According to the press release, companies have extracted more than $300 billion worth of metals like gold, silver and copper as well as minerals from public lands without paying any royalties.

The abandoned mines that have been left behind will cost billions of dollars to clean up, which is often an expense borne by taxpayers.

The press release states that 40 percent of headwaters in the western United States have been contaminated by legacy mine sites. 

In addition to imposing federal mineral royalties, the bill would create a fund to clean up past contamination and abandoned mine sites. It would also eliminate the patenting of federal lands for mining and would require the review of certain lands within three years to determine if they should be made available for future mining.

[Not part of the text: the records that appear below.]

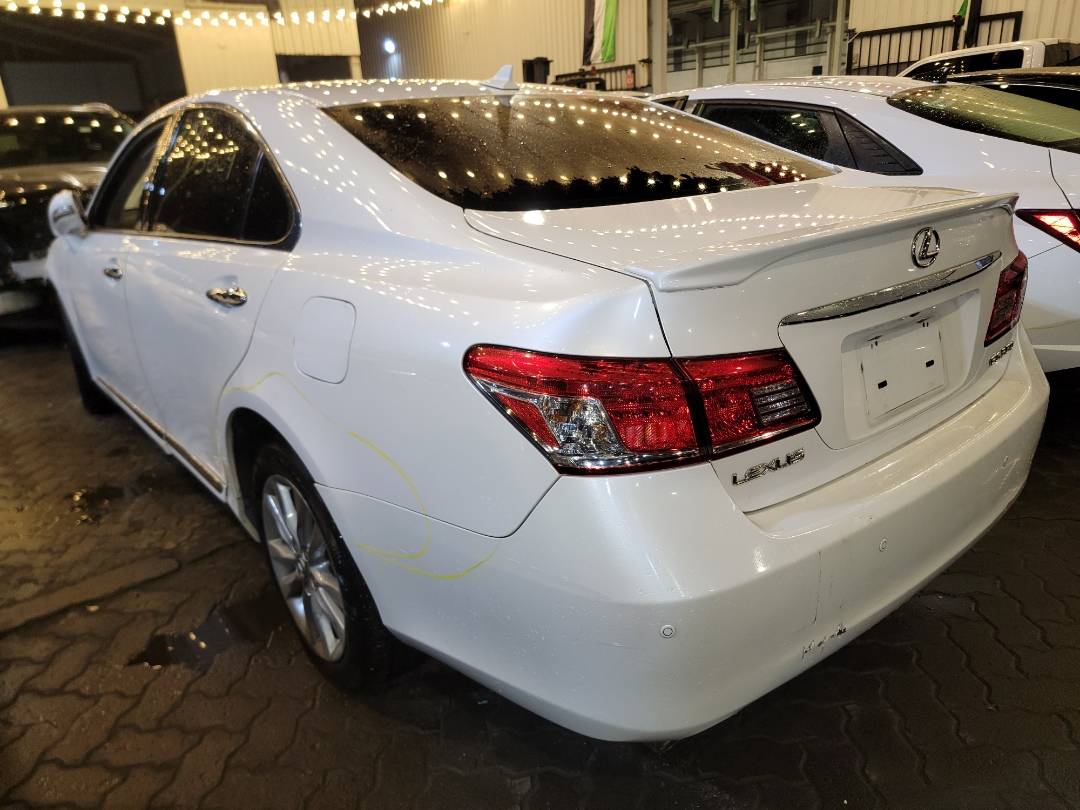 2010 LEXUS ES 350 — 191897 Miles — Lot 37573829 - Marhaba Auctions Used Cars - Image 3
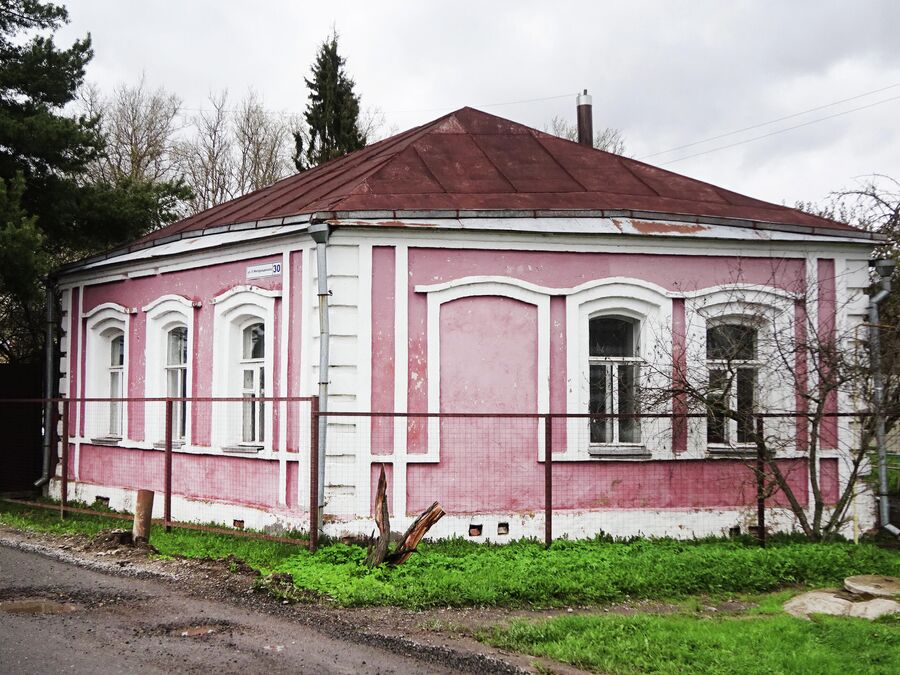 Дом 19 века в форме ромба Дом 19 века в форме ромба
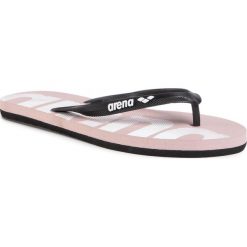 Japonki ARENA - Flip Flop Polybag 002309 106 Rose. Czarne klapki damskie Arena, bez wzorów, z tworzywa sztucznego, bez obcasa. W wyprzedaży za 99,00 zł.
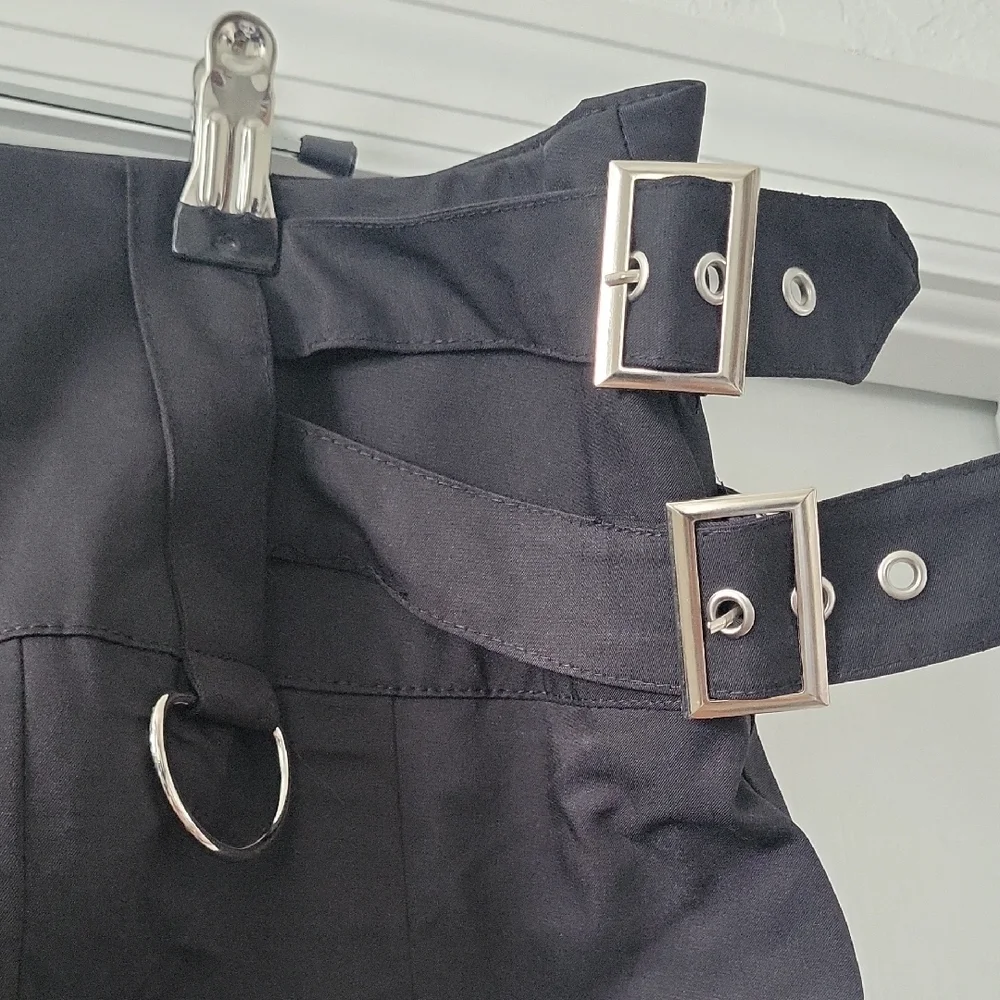 Black Zipper Mini Skirt With Silver Accents - 1X NWOT - Picture 4 of 4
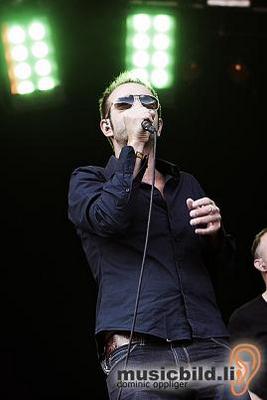 Züri West live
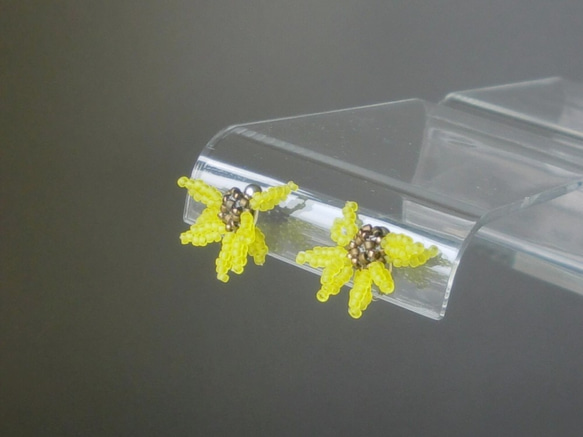 ガラスの花のイヤリング(ピアス)―向日葵 1枚目の画像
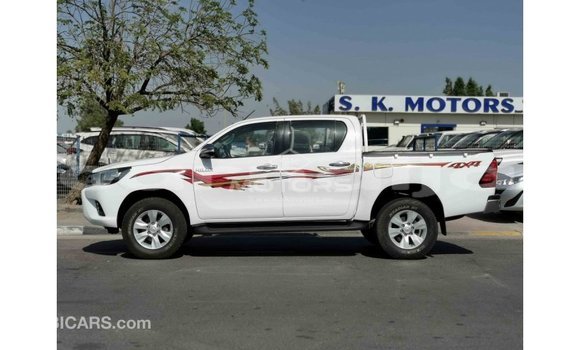 Buy Import Toyota Hilux White Car in Import - Dubai in Abia State Buy Import Toyota Hilux White Car in Import - Dubai in Abia State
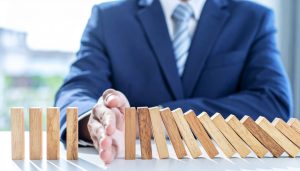 債務超過が引き起こす資金繰りの悪化や信用低下といった負の連鎖を、適切な財務管理と対策で食い止め、倒産のリスクを防止する経営者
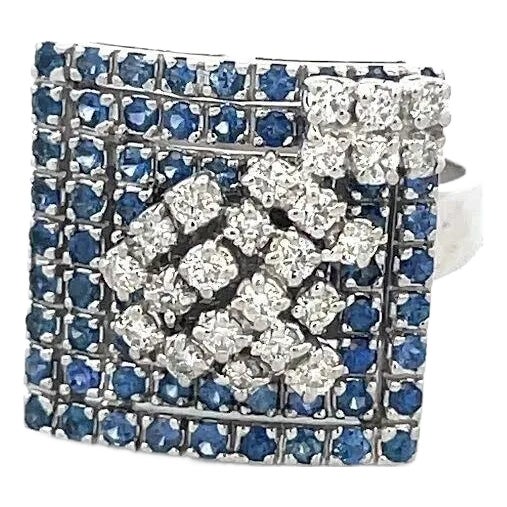 Sonia B. Diamond Sapphire Gold Ring 18k White Square Top Cluster For Sale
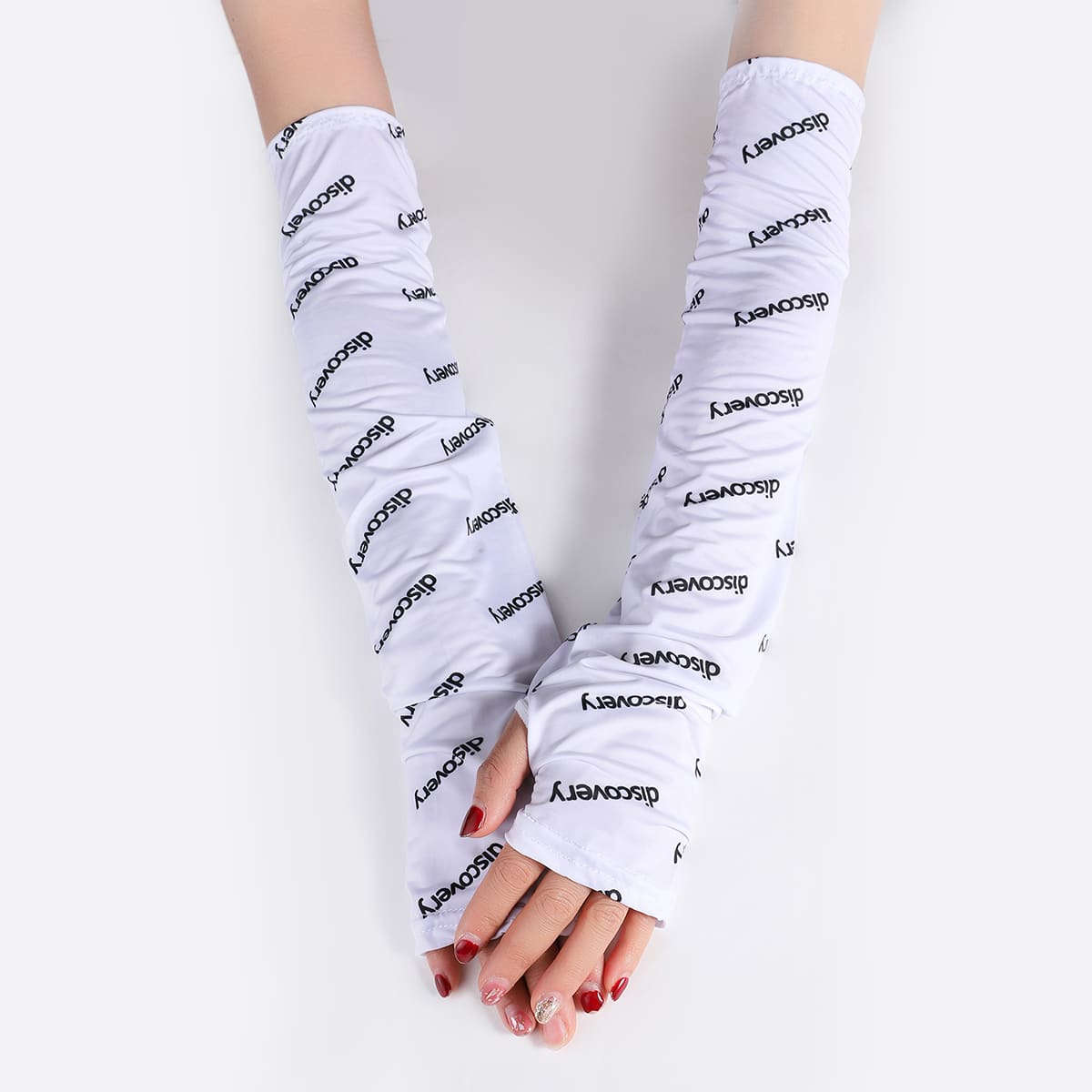 

Letter Graphic Long Fingerless Gloves, White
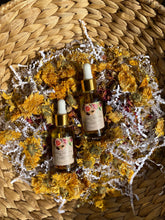 Load image into Gallery viewer, Pretty Petals Yoni &amp; Face Oil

“A just and clean energy transition isn’t possible if the mining industry and its destructive practices carry on business as usual. Since even before the 1872 Mining Law, Tribal nations, Black, Brown, rural and frontline communities have fought for their health and future in the face of insufficient environmental protections and no requirements for mining companies to pay to clean up their pollution after they leave town,” Kiara Tringali, senior government relations representative at The Wilderness Society, said in a press release praising the introduced legislation. “We need a renewable energy transition and it cannot be an excuse to perpetuate injustices and corporate favoritism. We’re counting on Congress to pass the Clean Energy Minerals Reform Act to ensure that the minerals we need are extracted responsibly with careful consideration for the wellbeing of our communities, health, water and cultural sites.”